Activity
Give the data again word for word; drop the pictures.

Information supplied
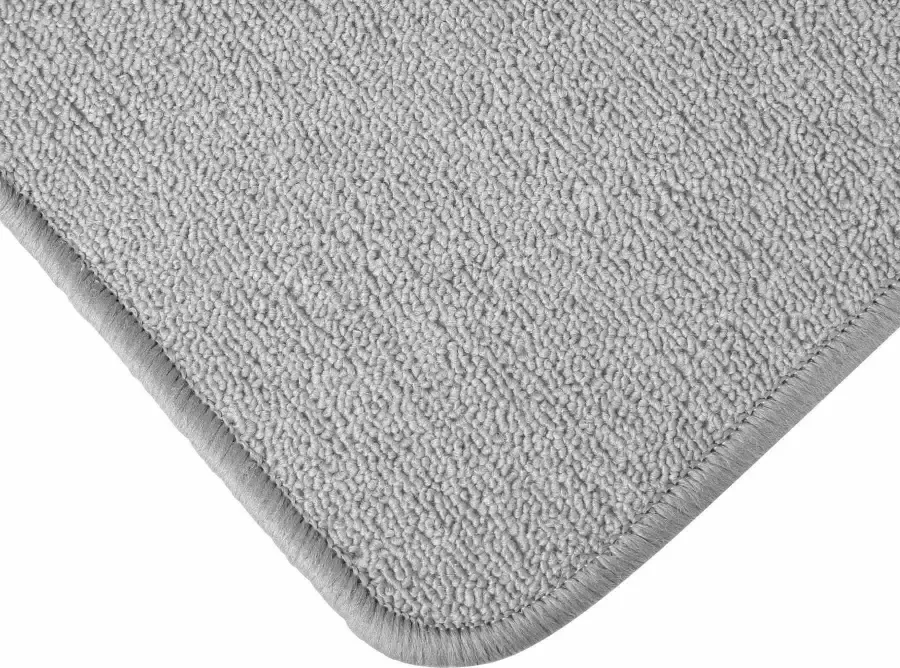 Primaflor-Ideen in Textil Loper MACAO Tapijtloper unikleurig ideaal in de hal & slaapkamer - Foto 2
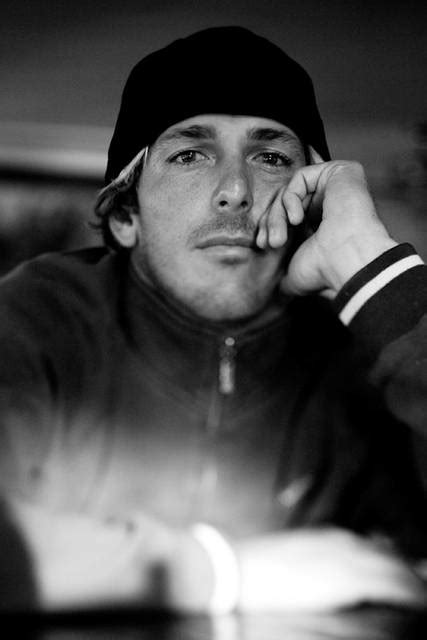 Hoping to find understanding from Andy Irons documentary - The Garden ...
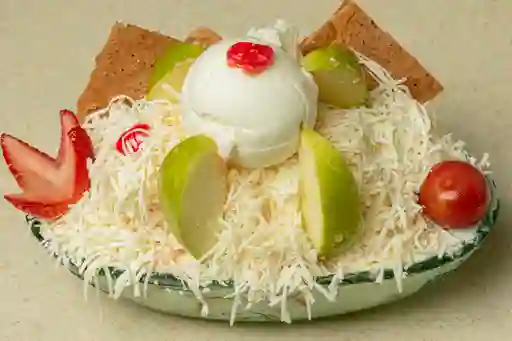 Ensalada Mixta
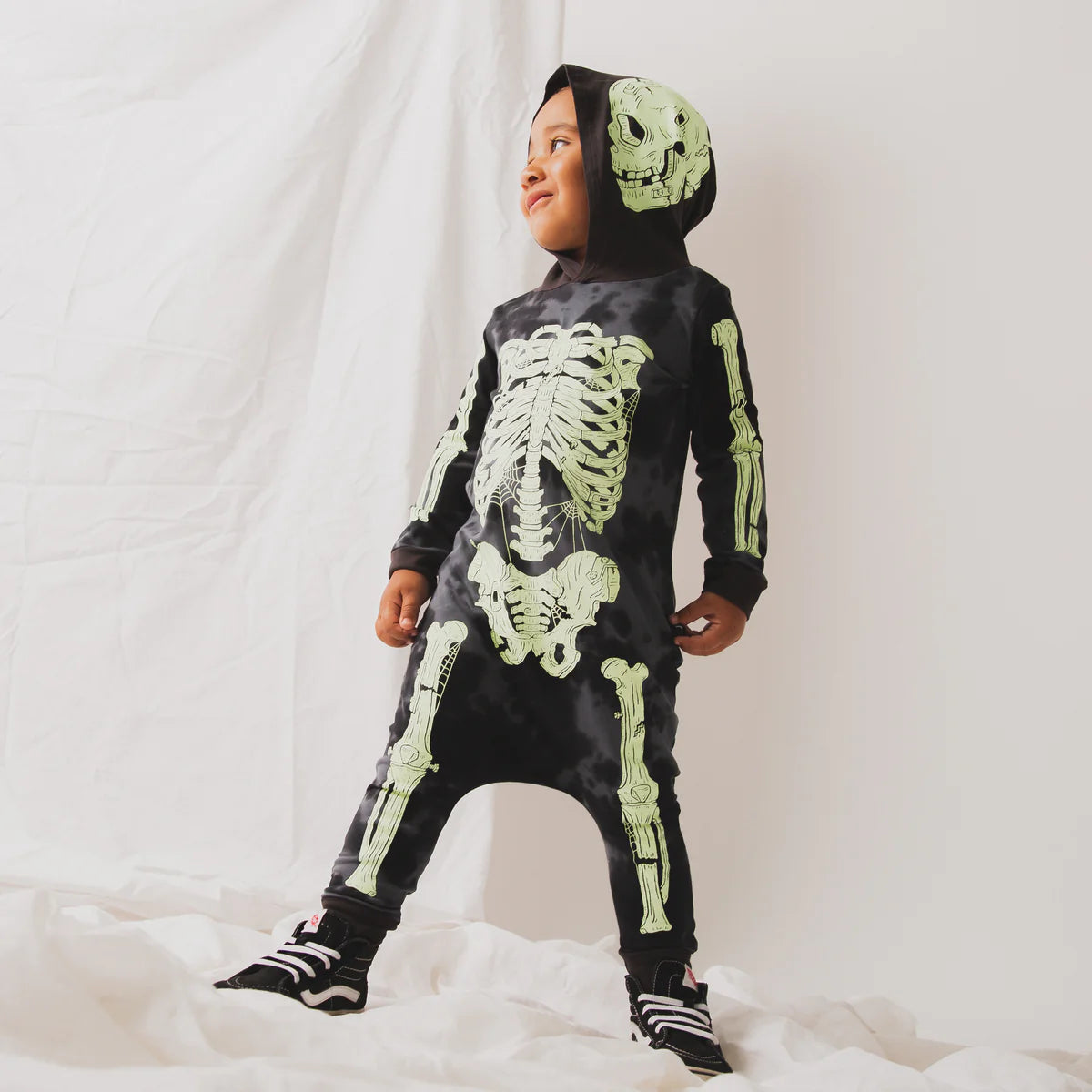 Skelly - Full Body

Written solution
 Primaflor-Ideen in Textil Loper MACAO Tapijtloper unikleurig ideaal in de hal & slaapkamer - Foto 2
 Hoping to find understanding from Andy Irons documentary - The Garden ...
 Ensalada Mixta
 Skelly - Full Body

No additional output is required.